Rights group reports alarming rise in abductions, torture in Ukraine

A human rights investigation team sent into eastern Ukraine by Amnesty International found "graphic and compelling evidence of savage beatings and other torture," primarily at the hands of pro-Russia separatists, the London-based rights organization reported Friday.

In the report documenting the brutal experiences of a handful of victims since the unrest began last winter, Amnesty called on both sides in the conflict to "stop this abhorrent ongoing practice" designed to induce fear among the civilian population.


"The bulk of the abductions are being perpetrated by armed separatists, with the victims often subjected to stomach-turning beatings and torture," Denis Krivosheev, the group's deputy director for Europe and Central Asia, said of the finding of the 20-page report published on its website.

"There is also evidence of a smaller number of abuses by pro-Kiev forces," he said, referring to forces linked to the central government in Kiev, the capital.

Ukraine's Interior Ministry has reported nearly 500 cases of abduction since April, and the United Nations special human rights monitoring mission in the country has recorded 222 cases in the last three months, Krivosheev said.

A statement issued by Amnesty accused the militants of targeting journalists, political activists and international observers to create an information vacuum in the conflict area.

The report cited the case of a young activist named Hanna who was abducted by separatist gunmen on May 27 and tortured with a knife during the six days she was held captive in a basement in Donetsk.

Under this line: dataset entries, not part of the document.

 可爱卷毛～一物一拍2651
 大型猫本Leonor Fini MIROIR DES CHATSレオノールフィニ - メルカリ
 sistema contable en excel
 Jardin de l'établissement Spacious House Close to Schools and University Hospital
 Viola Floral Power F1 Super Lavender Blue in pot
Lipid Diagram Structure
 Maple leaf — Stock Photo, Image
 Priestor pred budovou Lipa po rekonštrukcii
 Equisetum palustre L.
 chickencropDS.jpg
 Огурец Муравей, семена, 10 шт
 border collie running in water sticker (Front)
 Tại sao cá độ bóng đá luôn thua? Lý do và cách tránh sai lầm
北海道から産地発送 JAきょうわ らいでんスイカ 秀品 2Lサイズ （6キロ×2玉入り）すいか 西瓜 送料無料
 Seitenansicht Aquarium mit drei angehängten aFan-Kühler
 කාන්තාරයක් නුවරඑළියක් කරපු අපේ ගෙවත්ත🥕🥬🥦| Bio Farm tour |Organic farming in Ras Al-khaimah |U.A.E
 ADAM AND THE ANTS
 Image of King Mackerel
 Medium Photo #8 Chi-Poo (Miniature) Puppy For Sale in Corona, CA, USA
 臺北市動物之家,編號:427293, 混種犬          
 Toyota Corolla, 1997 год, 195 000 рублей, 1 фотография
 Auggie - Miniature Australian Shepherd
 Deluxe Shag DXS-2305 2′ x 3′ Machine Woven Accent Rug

An interrogator who became angry when the woman warded off blows from his fists then used a knife to slice into her neck, arms, knee and hand, the Amnesty report said, citing its investigation team's documentation of the scars from her mistreatment. At one point the militant interrogator forced her to write "I love Donbass" on the wall with her own blood, Amnesty said.

Donbass is the name of the heavily industrialized region in eastern Ukraine between the Don and the Dnieper rivers where pro-Russia gunmen have been battling to gain control of local government offices and police stations and armories in hopes that the territory would be annexed to Russia.

Although Russian President Vladimir Putin swiftly seized and annexed Ukraine's Crimea region early this year on the pretext of needing to protect Russian-speakers on the militarily strategic peninsula, he has ignored appeals from the separatists in eastern Ukraine to overtly take over the Donetsk and Luhansk regions, where they control about half the territory.

"All those engaged in this armed conflict must immediately and unconditionally release any captives who are still being held unlawfully and ensure that until their release they are protected from torture and other ill treatment," Amnesty said.

The group called on the government of Ukrainian President Petro Poroshenko to "create a single and regularly updated register of incidents of reported abductions, and thoroughly and impartially investigate every allegation of abusive use of force, ill treatment and torture" as the government regains control of the embattled areas along the Russian border, Amnesty said.